MARKET INSIDER – In the startup world, product quality alone is rarely enough. The difference between companies that scale and those that disappear often comes down to a founder’s ability to accept criticism. For entrepreneurs chasing growth in increasingly competitive global markets, ego can become a hidden liability—blinding them to customer needs, market shifts, and opportunities for improvement.
The lesson comes from Vietnam-based food brand Dh Foods, whose products were repeatedly criticized by buyers, distributors, and industry experts before the company found success. Rather than viewing negative feedback as an attack, founder Nguyễn Trung Dũng says those moments became some of the company’s most valuable business intelligence. In a startup ecosystem where only a small fraction of companies survive long term, the ability to listen may be one of the most underrated competitive advantages.
Over the years, Dh Foods participated in numerous international trade fairs and exhibitions, where foreign buyers from demanding markets such as Europe and the United States often provided blunt assessments of the company’s products. Those conversations revealed insights that small businesses rarely have access to. Buyers managing thousands of products could quickly identify weaknesses in packaging, product range, positioning, and consumer appeal—knowledge that often takes startups years and significant capital to discover on their own.
Some of that feedback directly reshaped the company’s strategy. Buyers pointed out that Dh Foods offered too few product variations, prompting the company to expand its portfolio of Tây Ninh-style seasoning salts. Others noted that its packaging was oversized for everyday consumers, leading to a complete redesign with smaller, more ergonomic containers. As global demand shifted toward clean-label food products, feedback about natural ingredients encouraged the company to develop a dedicated “Natural” product line, aligning with emerging consumer trends.
Yet the founder also admits that ignoring criticism came at a cost. In 2017, industry buyers warned that Dh Foods’ instant noodle cup products lacked meaningful differentiation in a market dominated by multinational giants. The company persisted despite the warnings and only discontinued the line in early 2018 after prolonged underperformance. Looking back, Dũng says acting sooner would have saved substantial resources and accelerated growth elsewhere.
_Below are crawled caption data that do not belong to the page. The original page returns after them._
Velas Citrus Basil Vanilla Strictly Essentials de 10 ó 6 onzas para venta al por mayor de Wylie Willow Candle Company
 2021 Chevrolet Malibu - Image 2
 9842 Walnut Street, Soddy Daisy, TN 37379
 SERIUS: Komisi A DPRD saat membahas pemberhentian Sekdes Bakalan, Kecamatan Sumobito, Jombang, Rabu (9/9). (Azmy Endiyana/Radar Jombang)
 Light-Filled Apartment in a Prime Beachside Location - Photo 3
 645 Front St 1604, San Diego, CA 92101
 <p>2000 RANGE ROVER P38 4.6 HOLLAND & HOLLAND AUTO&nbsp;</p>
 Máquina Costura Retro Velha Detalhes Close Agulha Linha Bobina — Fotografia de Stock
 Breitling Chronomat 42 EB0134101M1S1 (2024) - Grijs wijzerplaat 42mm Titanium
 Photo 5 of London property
That experience reinforced another principle familiar to successful companies worldwide: once the need for change becomes clear, execution speed matters. Many businesses delay strategic pivots because of sunk costs tied to packaging, inventory, or marketing materials. But in fast-moving consumer markets, hesitation can be more expensive than the write-offs themselves. By the time improvements reach the market, customers may have already switched to competitors.
The broader lesson extends far beyond Vietnam’s startup scene. Whether in Silicon Valley, Singapore, Berlin, or Ho Chi Minh City, founders often fall in love with their own products while overlooking the market signals that matter most. The companies that endure are rarely those that insist they are right—they are the ones that learn faster than everyone else. In an era where customer preferences evolve at unprecedented speed, perhaps the most valuable startup skill is not innovation, but humility.